If you've read our musings here at The Motley Fool, you probably know we're generally big fans of Warren Buffett. After all, as arguably the world's greatest investor, Buffett espouses many of the Foolish (with a capital F) values for long-term investing that we hold dear.
But he's also humble, and knows all too well even he can be wrong from time to time. Speaking in 2009 of his now-divested purchase of ConocoPhillips shares, for example, Buffett admitted, "[...] I have been dead wrong. Even if prices should rise, moreover, the terrible timing of my purchase has cost Berkshire several billion dollars."
So we asked three of our top contributors to each find one stock about which they believe Warren Buffet is "dead wrong." Read on to see which businesses they chose and why.
One of Buffett's best investments may be going flat
Jason Hall: Let me start by writing this: There's no getting around the fact that Warren Buffett's investment in The Coca-Cola Co (KO 0.10%) has worked out incredibly well for Berkshire Hathaway (BRK.A 0.35%) (BRK.B 0.40%) investors. After all, Berkshire paid less than $1.3 billion for the 400 million shares of Coke that it holds, and they're worth more than $18 billion today.
Then there's the dividend. At $0.35 per share quarterly, Coca-Cola will pay Berkshire $560 million in dividends this year. That's right: In less than 3 years, Coca-Cola will pay Berkshire more in dividends than Buffett invested in the company.
But that doesn't make Coca-Cola a worthy investment today -- at least not for the average investor. As I've written here and here, I think Coke's best days are behind it, at least when it comes to investors looking for market-crushing returns.
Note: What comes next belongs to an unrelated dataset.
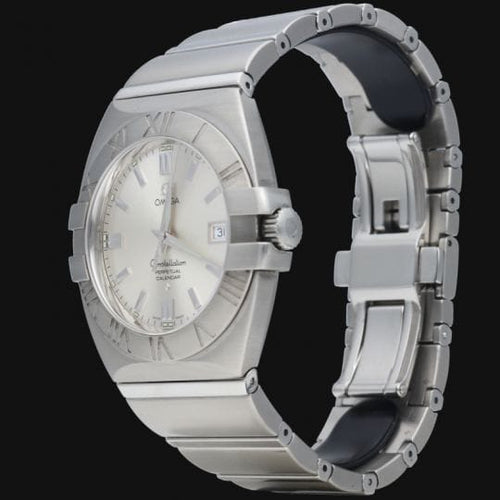 Montre Omega Constellation - Montre homme à quartz en acier 38 mm 58 Facettes MT44478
Over the past decade, consumption of carbonated beverages -- still Coke's bread-and-butter even after efforts to expand into other categories -- has begun falling, and people are drinking less Coke and Diet Coke in the company's core markets than they were a decade ago. I think that trend is likely to continue, and could even accelerate faster than Coke can expand its business into growth markets. That's a recipe for less-than-stellar returns, even factoring in Coke's fantastic dividend.
Lastly, consider Coke's valuation:
That's right. Coca-Cola shares are more expensive today than anytime since right before the Great Recession. The deck is stacked against Coke being a great investment going forward.
If you're looking for a strong global beverage brand with big growth potential, take a look at Starbucks (SBUX 0.04%), which is still growing revenue near-double digits, profits at an even faster pace, and has an enormous opportunity for years to come.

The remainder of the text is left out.